< Earlier Kibitzing · PAGE 10 OF 10 ·
|Dec-27-09|| ||alexmagnus: Sorry, the link for the second player should be of course http://db.chessmetrics.com/CM2/Play...|
|Dec-28-09|| ||notafrog: Since it is difficult to collect the source data, I obviously cannot check the examples to mentioned. It is possible that the calculations are wrong.|
Other possible reasons for a delay in ratings entering the system is the criterion of how "connected" a player is to the top players.
There is obviously no way to check these hypotheses without reconstructing the input data.
I once started collecting data from the site, though I don't remember where they are, or in what state they are.
|Dec-28-09|| ||alexmagnus: I've got an answer from Sonas today. He explains the 30-point change with the effects of simultaneous calculation. But that doesn't explain why there are no large changes in the following months.|
|Dec-29-09|| ||notafrog: You can try asking Sonas for the game result database.

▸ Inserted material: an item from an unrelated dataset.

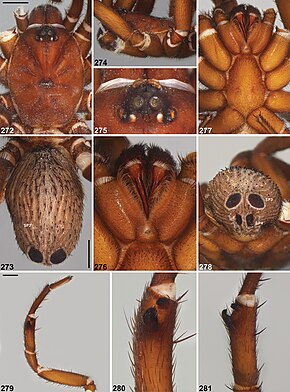 Descrição da imagem Idiosoma kwongan (10.3897-zookeys.756.24397) Figuras 272–281.jpg.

Then we can check if the 30 point difference is correct, and why it appears.|
|Feb-08-10|| ||alexmagnus: Those who explain rising elo with inflation of this - how do you explain rising results in memory sports? Those rise even rapidlier and are <absolute>. Look at these records, all of them are quite new:|
The memory championships exist since early 90s.
|Feb-08-10|| ||Tomlinsky: I started to explain... but can't be arsed. Sorry. :)|
|Apr-13-10|| ||RainPiper: How large is the white-against-black advantage expressed in ELO points? Put otherwise: If I play white against a higher rated player, what is the rating difference that gives me a winning probability of precisely 50%?|
This has certainly been calculated somewhere, but I wasn't able to find it yet.
|Apr-13-10|| ||whatthefat: <RainPiper>
In my experience looking at the data for super-GMs, it's circa 50 points, although with big differences between individual players. I would also expect it to depend strongly on playing strength. It's also been shown to depend on the time control.
Jeff Sonas seems to imply that it's about 35 points here http://www.chessbase.com/newsdetail...
Meanwhile, NIC and cg.com both have White scoring about 55% on average - see http://www.newinchess.com/Yearbook/... and ChessGames.com Statistics Page - which also works out to a 35 point rating difference by the Elo formula.
|Apr-14-10|| ||RainPiper: Thanks for the links, <whatthefat>, this was exactly the sort of information I was looking for.|
It also answers a follow-up question that I had in the back of my mind. Is there discussion about correcting performance ratings for the white/black bias? (Jeff Sonas actually advocates this in the text you linked.)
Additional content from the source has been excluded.